Instead of the open-or-closed plunger valve, side-pull faucets feature a ball valve, and this allows for a range of flow rates without introducing turbulence to the beer. But that’s only half the magic of the side-pulls; there is also a micro-screen placed just before the opening of the faucet’s spout. As the pressure in the draft system pushes the beer through the screen, carbonation is forced out of suspension. Because the mesh is so fine, the bubbles created are comparatively tiny. The resulting “wet foam” from the side-pull faucet is quite different from the usual head atop a pint of draft beer. (Think of the silky, full-bodied foam in a flat white or cortado espresso drink, instead of the coarser, drier foam in a cappuccino.)

“The flavor of the foam is just different,” says Ashleigh Carter, cofounder and head brewer at Bierstadt Lagerhaus in Denver, Colorado. Carter says they were looking for something different when designing their taproom and draft system. A chance encounter with a tap dedicated to Pilsner Urquell at a New York City beer bar several years ago led her to the side-pull faucets. They are large and eye-catching and almost necessitate a performative pour; Carter quickly discovered that the side-pull faucets do more than just look cool. “They are everything we love about draft faucets: They look striking, they pour great, and you can really dial in the way they dispense.”
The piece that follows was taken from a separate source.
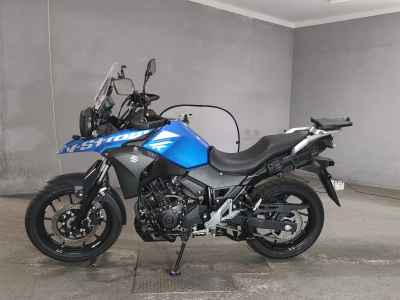 Suzuki V-Strom 250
The flexibility inherent in the design of the side-pull faucet is often on display in Czech pubs, especially where Pilsner Urquell flows freely. Drinkers of the influential lager can even order their pours in three different ways. The standard pour, known as the hladinka, features three fingers of foam atop the golden beer, while the šnyt is slightly more than half foam and a little less beer. Then there’s the fabled mlíko pour—a nearly full glass of creamy, wet foam with some liquid beer at the bottom. “They are each a different experience of flavor and texture,” says Carter. The mlíko, in particular, is an interesting way to keep on enjoying beer when you’re not sure you want another whole pint—all the restraint of ordering a cheeky half pint, while still getting to hold a full-sized glass and sip along with your mates. (And remember, this is dense, wet foam that is readily sippable, unlike a cap of sticky, dry foam from an improperly poured pint. It’s really a novel and pleasurable experience.)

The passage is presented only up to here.